Establish Brand Guidelines
Brand awareness is communicating the personality of your brand—the brand’s personality creates stickiness in the minds of your audience. Consistency is key in getting others to recognize and recall who you are in the market–this is where brand equity grows. Brand guidelines will be used by your team and anyone assisting with your campaign. The last thing you want to do is invest in a brand awareness campaign that leaves your audience unsure of who you are. Here are components to include in your brand guidelines:
- Logo and acceptable variations
- Color palette
- Font(s) & typography
- Style for photography
- Brand voice and writing style
Know Your Customers
Prior to launching an awareness campaign, build out personas. (If you don’t know what personas are, Kevin O’Connor of UX Magazine explains it well here.) The process involves a deep dive into the mindset of your target so you can know how to communicate with them effectively and create great customer experiences.
Set a Budget
Generally, business spend roughly 2-10% of the projected sales on marketing. If you are a new business, expect to invest on the higher end. Once you have tested channels and messaging effectiveness, set a benchmark.
- Determine the size of the population of your target audience and how many of them you can afford to reach with one campaign. Then decide how many campaigns you can afford for the year.
- Select complimentary channels. The cost-per-thousand will vary with each channel, but the overall mix is what will be measured. Choose a combination of tactics that are both effective in communicating your message and add overall lift to the campaign. Be sure to invest enough in each channel to make them effective.
- Do not forget to include the cost of creative production. There is the cost of the channel and the cost to build the ads.
Evaluate Each Channel
Besides comparing the CPM of each channel, weigh in on the impact and effectiveness of the type of ad within each channel. For example, video may cost more, but you are more likely to need less frequency and able to communicate more about your brand through that medium.
- How much of your target audience is each channel?
- What is the cost-per-thousand to reach that target audience?
- How much of that audience can you afford to reach?
- What frequency will you be able to afford?
- Is the type of ad the most effective?
Overall, you’ll want to have a frequency of at least 10x with a brand awareness campaign. (The old rule of thumb was 3x, but we have moved out of the dark ages of traditional media and consumers are being hit with countless ads (noise) each day.) Historically, print has been the most expensive, then TV, cable, radio, digital.
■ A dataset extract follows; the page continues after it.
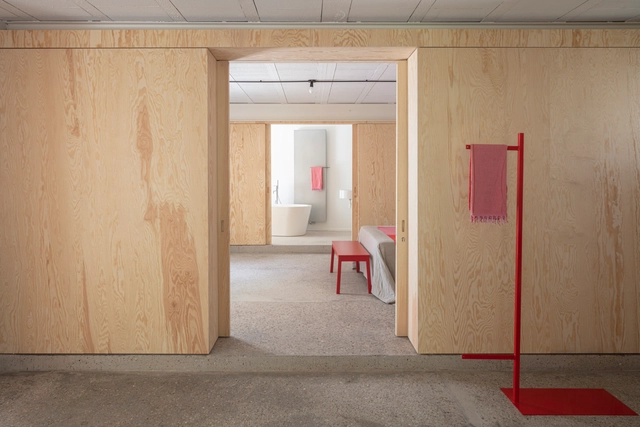 Casa Strawen / l'atelier Nomadic Architecture Studio + Devspace - Fotografia de Interiores, Em Detalhe, Dormitório, Porta, Fachada, Cadeira, Mesa, Cama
Within each of these channels, the CPM can go up, depending on what type of targeting you choose. Usually, the more specific, the more it will cost you. (If more expensive means you hit your intended audience without waste, then that is a better decision than buying a high volume of impressions that are targeting people that don’t fit your target.)
Have the Right Expectation
If you are launching a completely unique idea or service, you have the potential to become known more quickly. When going to market with a product or service similar to what’s already in the market, you may have to invest more to break through the noise already being created by your competitors in your category.
- Use public relations. There is a great story behind every brand. PR can be one of the most powerful channels of an awareness campaign.
- Provide great customer experiences. This is what will earn you the most credibility (referrals, testimonials, and positive reviews).
- Establish a partner or affiliate network.
- Create interesting and shareable content.
- Educate your audience.
- Give something away for free.
- Spend the necessary amount of money and time.
- Do annual customer research and make changes based on the feedback.
Social Media Planning
So you’ve decided you want to use social media for your business, but not sure where to start? Before you start creating social pages and doing paid campaigns, first know that you must earn your audience, you can’t buy them. Second, keep in mind that it takes time to develop trust if you are new to the market. People need to get to know you.
When developing your strategic social plan, ask yourself a few questions:
- What is your goal for your Social Media Marketing? (add lift to the brand, get customer feedback through engagement, generate leads, broaden fan base, allow customers to buy directly from social, execute promotions, etc.)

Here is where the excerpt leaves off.